If we are creating content-based caches, the decision about the type of information to extract and store in the cache may not be trivial. For example, if we are trying to cache the results from a model training step, we may want to consider using the trained model artifact that includes information such as the type of machine learning model and the set of hyperparameters of the model. When the workflow is executed again, it will decide whether to re-execute the model training step based on whether we are trying the same model. Alternatively, we may store information like the performance statistics (e.g., accuracy, mean-squared error, etc.) to identify whether it’s beyond a threshold and worth training a more performant model.

Furthermore, when applying the step memoization pattern in practice, be aware that it requires a certain level of maintenance efforts to manage the life cycle of the created cache. For example, if 1,000 machine learning workflows run every day with an average of 100 steps for each workflow being memoized, 100,000 caches will be created every day. Depending on the type of information they store, these caches require a certain amount of space that can accumulate rather quickly.

To apply this pattern at scale, a garbage collection mechanism must be in place to delete unnecessary caches automatically to prevent the accumulation of caches from taking up a huge amount of disk space. For example, one simple strategy is to record the timestamp when the cache is last hit and used by a step in a workflow and then scan the existing caches periodically to clean up those that are not used or hit after a long time.

5.4.4 Exercises 1 What type of steps can most benefit from step memoization? 2 How do we tell whether a step’s execution can be skipped if its workflow has been triggered to run again? 3 What do we need to manage and maintain once we’ve used the pattern to apply the pattern at scale?

5.5 Answers to exercises Section 5.2 1 No, because we have no guarantee in what order concurrent copies of those steps will run 2 Training an ensemble model depends on completing other model training steps for the sub-models. We cannot use the fan-in pattern because the ensemble model training step will need to wait for other model training to complete before it can start running, which would require some extra waiting and delay the entire workflow.

Section 5.3 1 Due to the variation in completion times for each model training step in the existing machine learning workflow, the start of each following step, such as model selection and model serving, depends on the completion of the previous step. 2 No, asynchronous steps won’t block each other. 3 We need to consider whether we want to use any available trained model as early as possible from the user’s perspective. We should think about whether it’s more important for users to see inference results faster or see better results. If the goal is to allow users to see the inference results as soon as a new model is available, those results may not be good enough or what users are expecting. Alternatively, if certain delays are acceptable to users, waiting for more model training steps to finish is preferable. You can then be selective about the trained models and pick the best-performing models that will provide very good entity tagging results.

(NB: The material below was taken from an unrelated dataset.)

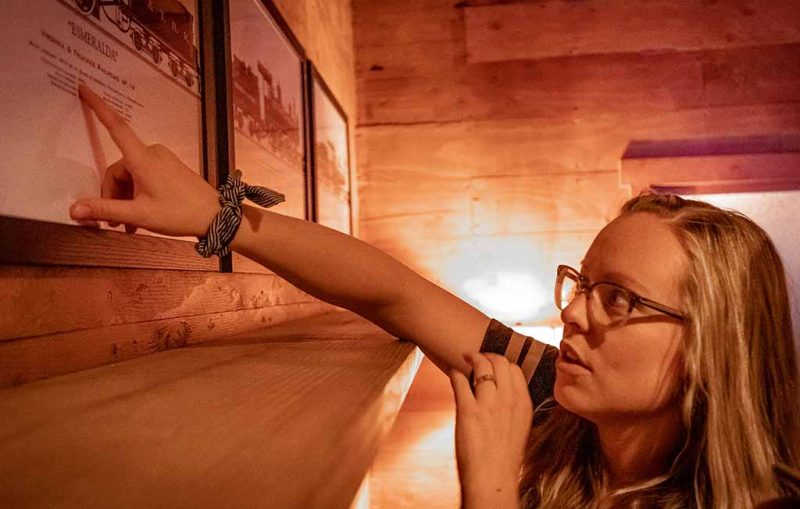 woman pointing at works on picture on wall on cabin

Section 5.4 1 Steps that are time-consuming or require a huge amount of computational resources 2 We can use the information stored in the cache, such as when the cache is initially created or metadata collected from the step, to decide whether we should skip the execution of a particular step. 3 We need to set up a garbage collection mechanism to recycle and delete the created caches automatically.

Summary  Workflow is an essential component in machine learning systems as it connects all other components in a machine learning system. A machine learning workflow can be as easy as chaining data ingestion, model training, and model serving.  The fan-in and fan-out patterns can be incorporated into complex workflows to make them maintainable and composable.  The synchronous and asynchronous patterns accelerate the machine learning workloads with the help of concurrency.  The step memoization pattern improves the performance of workflows by skipping duplicate workloads.